Glenn Highway — Mile 106 to 119

Mile 106 — Caribou Creek

Just past Caribou Creek as you are heading east, use the small pull out on your left and look up towards the cliffs. Dall sheep, both ewes and lambs, are often visible, often low enough on the mountain to be seen without binoculars. The best months for viewing are late May (when new lambs can be seen) through mid-September.
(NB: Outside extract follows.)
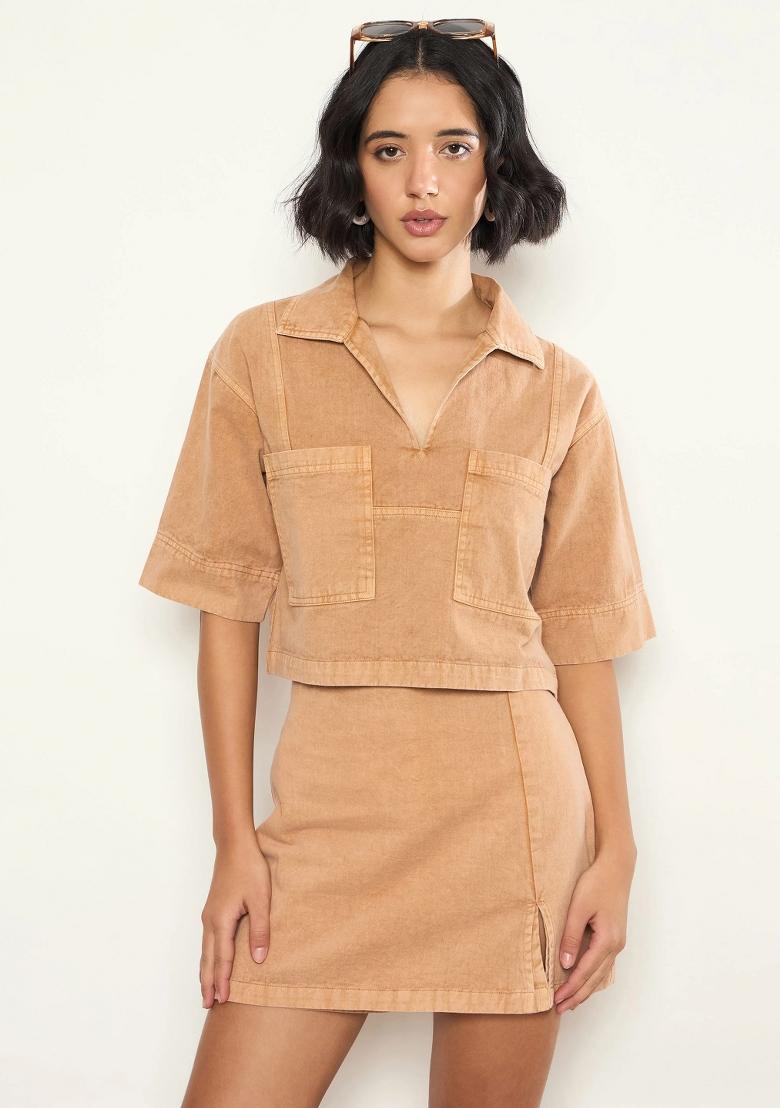 Beige Solid Cotton Co Ords Set - Indya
A ewe and her lamb forage for a variety of plants and lichen, and moss
A Dall sheep ram

Mile 109.7 — Grand View Café and RV park

Groups of sheep high up on Sheep Mountain are often visible from here. As you continue east, a couple additional pullouts may also afford views of sheep along the flanks of Sheep Mountain. Use your binoculars.

Mile 118.4 — Alascom Road

At the end of Sheep Mountain, a dirt road leading south into the valley can sometimes provide opportunities to view moose and beaver. Beginning in August, the occasional grizzly bear may be spotted grazing on blueberries in the area.

A female moose in the boreal forest
Fall colors light up the landscape

Mile 118.5 — Chickaloon-Knik-Nelchina Trail System

On the north side of the highway is a marked trailhead, part of the Chickaloon-Knik-Nelchina Trail system. The trailhead also includes spotting scopes. A rare hadrosaur or duck billed dinosaur was discovered near this site, one of oldest known in the world. You’ll find access to five different trails from this trailhead.
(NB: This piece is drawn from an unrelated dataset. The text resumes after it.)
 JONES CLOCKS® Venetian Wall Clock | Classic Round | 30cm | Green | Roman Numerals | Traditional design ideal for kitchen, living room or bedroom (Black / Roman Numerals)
Mile 119 — Gunsight Mountain

A large double-ended turnout is the site of the annual Gunsight Mountain Hawk Watch each April. The National Audubon Society recognizes this “squeeze point” in the Chugach Mountains as a major migratory path for hawks, eagles and other raptors. The area also marks the beginning of a transition from the Cook Inlet basin to the Copper River basin.

Raptor enthusiasts scan the skies over Gunsight Mt.